A bit of both? They were LVM mapped devices but hosted on external block storage. This particular setup was at RackSpace so each NFS server was a VM that mounted a block storage device which was shared over NFS and synced with DRBD.
Just found what looks like a great guide, but: where’re you configuring fileserver-cluster and heartbeat?
Oops, I got busted. My original design called for using Heartbeat to manage the cluster (which is why it was indicated here) but ultimately I decided to use GFS2, Pacemaker, and a hardware load balancer for my NFS cluster (http://justinsilver.com/technology/linux/dual-primary-drbd-centos-6-gfs2-pacemaker/). The downside is that it requires some additional hardware ($$$) and configuration but does allow both nodes to be used at the same time.
Since I said I was going to use Heartbeat for the ha-cluster here I’ll update this post (as soon as I can) with the details of what that configuration would look like and give you a ping – thanks for reading!
One other thing you might consider looking at is Gluster, which appears to provide a highly-available distributed and fault-tolerant file system with a much less complicated setup. Dual-primary DRBD would concern me a little, especially if it behaved anything like master-master MySQL does. Given storage is more your field than mine, would you consider giving Gluster a go?

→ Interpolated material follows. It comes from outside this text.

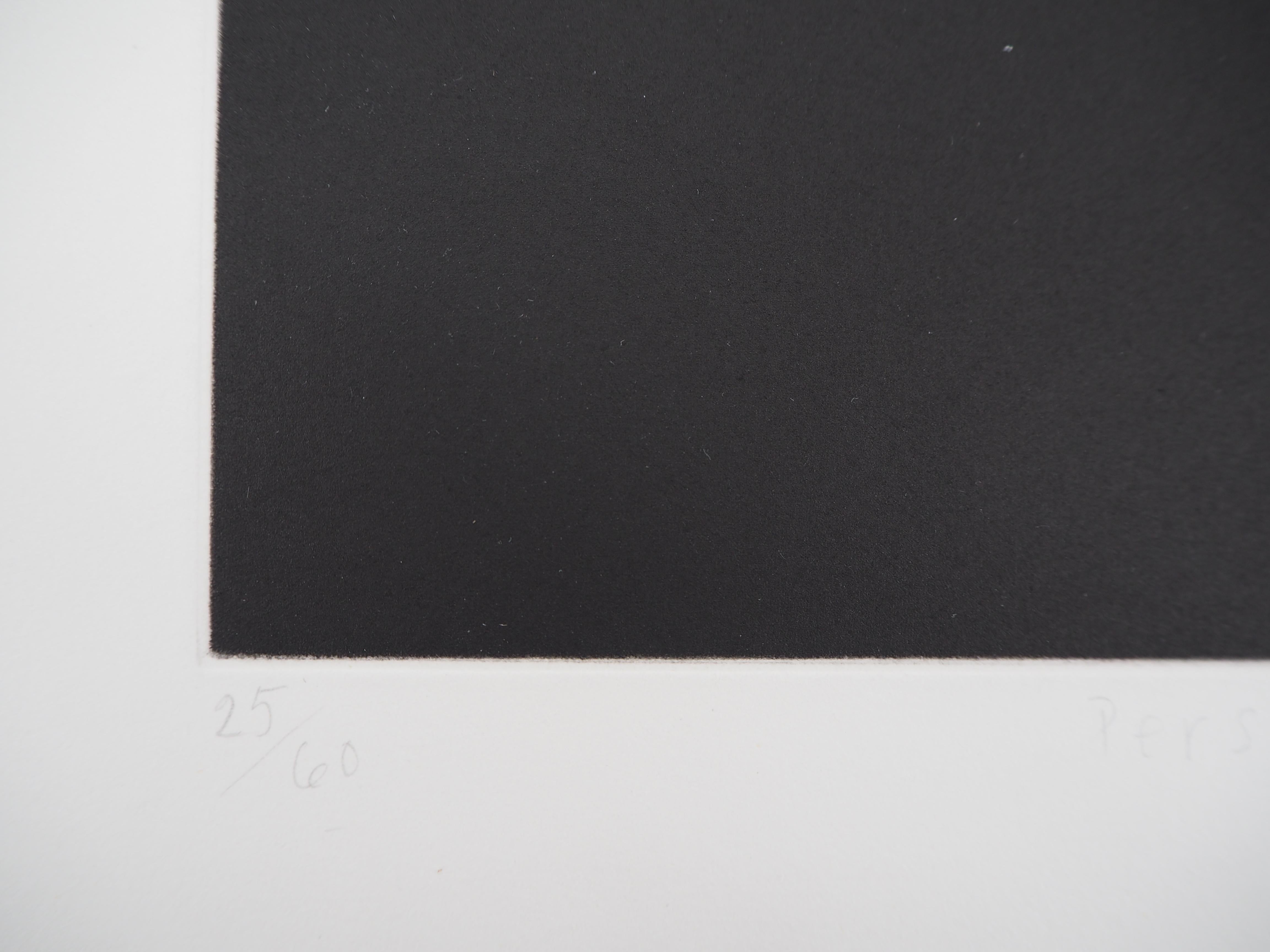 Persephone - Original Handsigned Etching - Ltd 60 copies - Modern Print by Richard Davies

Gluster is definitely a good option to check out. I’m usually more of a cutting edge type person but in this case I had some experience with DRBD & Pacemaker so decided to go that route instead of Gluster, though I would like to play around with it some more (and probably will on future projects). It’s definitely a tricky situation with dual primary which is why the fencing/STONITH setup is so important, but so far I haven’t run into any issues with this config, knock on wood.